Every internet user must know that every time they visit a website, the date, time and duration of the visit is recorded in their browser history. There are, of course, many reasons why people might not want that history being seen by colleagues, bosses, friends, family etc. – from the possibly immoral to the downright illegal via commercially confidential, we might all do things now and again that we don’t want certain other people to know about.

However, clearing one’s browsing and search history isn’t as straightforward as you might think. There are in fact, three distinct places where a person’s internet activity is recorded. Let’s take an example where you might want to clear all history in Bing, the Microsoft search engine of choice for many Windows users. For more info please click here.

Cookies on your hard drive

Source: news.trendmicro.com

The first of those three places where your browsing history gets recorded by the presence of cookies is on your own machine’s hard drive. This can affect your online privacy. But first, what exactly is a cookie? Don’t worry, your laptop isn’t getting full of chocolate chips and raisins!

A cookie in computing terms is a text file containing a very small crumb of data; think of the .txt file like a miniature username and password that is activated every time you go back to a website where the cookie was first ‘baked’ (or created, if you prefer). The cookie is used to identify your computer, so that any previous interaction you had on that revisited website is remembered. Storage is either temporarily for that browsing session only, or permanently in a folder on your machine.

Thus, if you went to book a flight on, say, Skyscanner, got halfway through the process of finding a flight to Los Angeles but then decided to take a road trip instead, the next time you visit Skyscanner, it knows that you were looking at flights to LA, and when you last looked.

This visit recording has obvious implications for dynamic pricing – whereby the prices you are offered depend upon your geo-location (of which more later) and how many times you’d been searching to book.

Your Bing, Apple or Google account

Source: tech.hindustantimes.com

Not only do cookies give the game away about your search history, but if you are logged in to your Bing, iCloud or Google account as you search, your search term and visit history is recorded within that account.

This history can be cleared by you whenever you like (at least to everyone except perhaps the service provider’s eyes) so that to all intents and purposes your internet activity recording has been wiped. But are the details truly wiped? Regardless of what any authority says these days, even multinational organizations are often perceived as less trustworthy by their customers. In short, just because you’re paranoid doesn’t mean they aren’t out to get you!
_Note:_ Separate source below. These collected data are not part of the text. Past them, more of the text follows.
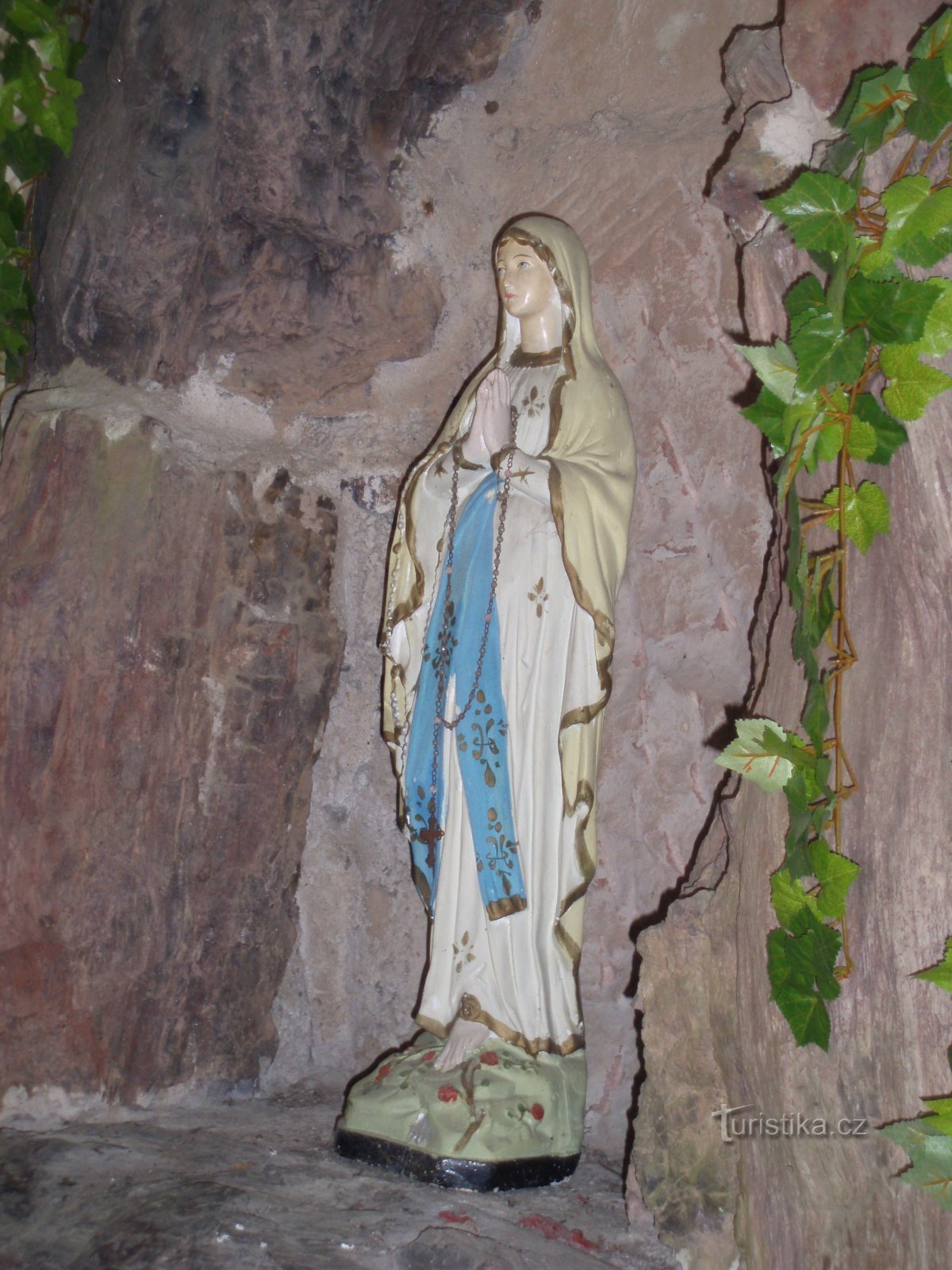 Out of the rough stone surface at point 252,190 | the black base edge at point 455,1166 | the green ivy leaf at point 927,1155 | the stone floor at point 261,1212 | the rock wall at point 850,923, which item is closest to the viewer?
the green ivy leaf at point 927,1155

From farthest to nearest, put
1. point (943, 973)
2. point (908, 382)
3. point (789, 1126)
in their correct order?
point (789, 1126) < point (908, 382) < point (943, 973)

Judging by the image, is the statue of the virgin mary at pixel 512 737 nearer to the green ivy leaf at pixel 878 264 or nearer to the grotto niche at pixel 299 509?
the grotto niche at pixel 299 509

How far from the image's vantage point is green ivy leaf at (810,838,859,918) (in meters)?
1.34

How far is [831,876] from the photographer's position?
1.35m

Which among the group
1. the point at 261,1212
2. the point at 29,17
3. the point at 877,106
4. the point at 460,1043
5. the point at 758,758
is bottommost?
the point at 261,1212

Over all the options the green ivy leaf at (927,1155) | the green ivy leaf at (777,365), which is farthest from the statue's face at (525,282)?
the green ivy leaf at (927,1155)

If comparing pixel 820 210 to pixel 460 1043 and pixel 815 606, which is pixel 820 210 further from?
pixel 460 1043

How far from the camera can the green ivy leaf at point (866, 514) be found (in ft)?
4.40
Your Internet Service Provider

Source: techquintal.com

In that case, if you can locate the cookies on your hard drive, which is an easy 30 second task, then delete them all, empty the waste bin, then log into your Bing account or wherever, and clear all history there, you’re clean and green, right? Unfortunately not. The third factor in this seditious spying on your web activity is the fact that your Internet Service Provider (ISP) also keeps a log of every website you visit; the dates, duration etc.

They do this under the guise of it being a legal necessity in case governmental authorities need to use your records in any potential criminal investigation. Of course, the real reason they do it is to make money from selling your (anonymized) preferences to advertisers. Although this doesn’t identify you personally, they’re making money out of telling someone else how often a person from Zip Code XXX is visiting, say, Skyscanner or adult dating sites. Even your presence in the Metaverse can be recorded.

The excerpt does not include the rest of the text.